Mark Evan Bonds is the Cary C. Boshamer Distinguished Professor of Music Emeritus at the University of North Carolina, Chapel Hill, where he taught from 1992 to 2023. He holds degrees from Duke University (B.A.), the Universität Kiel (M.A.), and Harvard (Ph.D.). A former editor-in-chief of Beethoven Forum, he has written widely on the music of Haydn, Mozart, and Beethoven and on the intersections of philosophy and music since the Enlightenment. His research has been supported by grants from the NEH, the ACLS, the National Humanities Center, the American Academy in Berlin, the Institute for Advanced Study-Princeton, and the Austrian Science Foundation (FWF). His most recent book is The Beethoven Syndrome: Hearing Music as Autobiography (Oxford, 2020).

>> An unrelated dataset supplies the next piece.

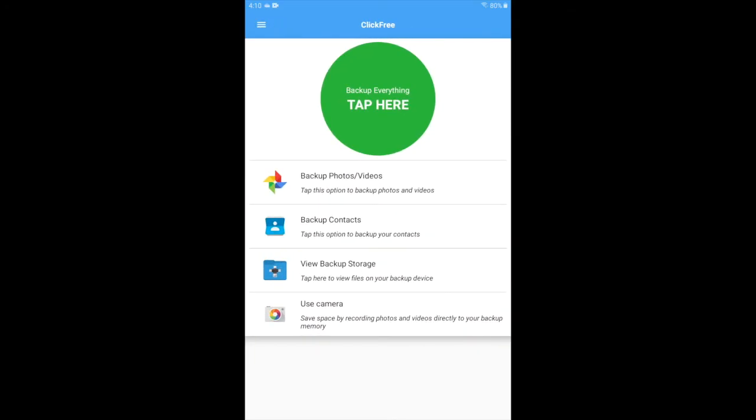That's it. It's that simple to use the Click-Free app to backup photos, videos, take photos, videos, and more. Enjoy!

Mary Hunter is A. LeRoy Greason Professor Emerita of Music at Bowdoin College. A musicologist with interests in eighteenth-century opera, the history and ideology of performance, and music in culture, she is the author of  The Culture of Opera Buffa in Mozart’s Vienna (Princeton, 1999), which won the American Musicological Society’s Kinkeldey Prize, and Mozart’s Operas: A Companion (Yale, 2008). She is the co-editor, with James Webster, of Opera Buffa in Mozart’s Vienna (Cambridge 1997) and, with Richard Will, of Engaging Haydn: Culture, Context and Criticism (Cambridge 2012). She has received research grants from the National Endowment for the Humanities, the American Philosophical Society and the National Humanities Center.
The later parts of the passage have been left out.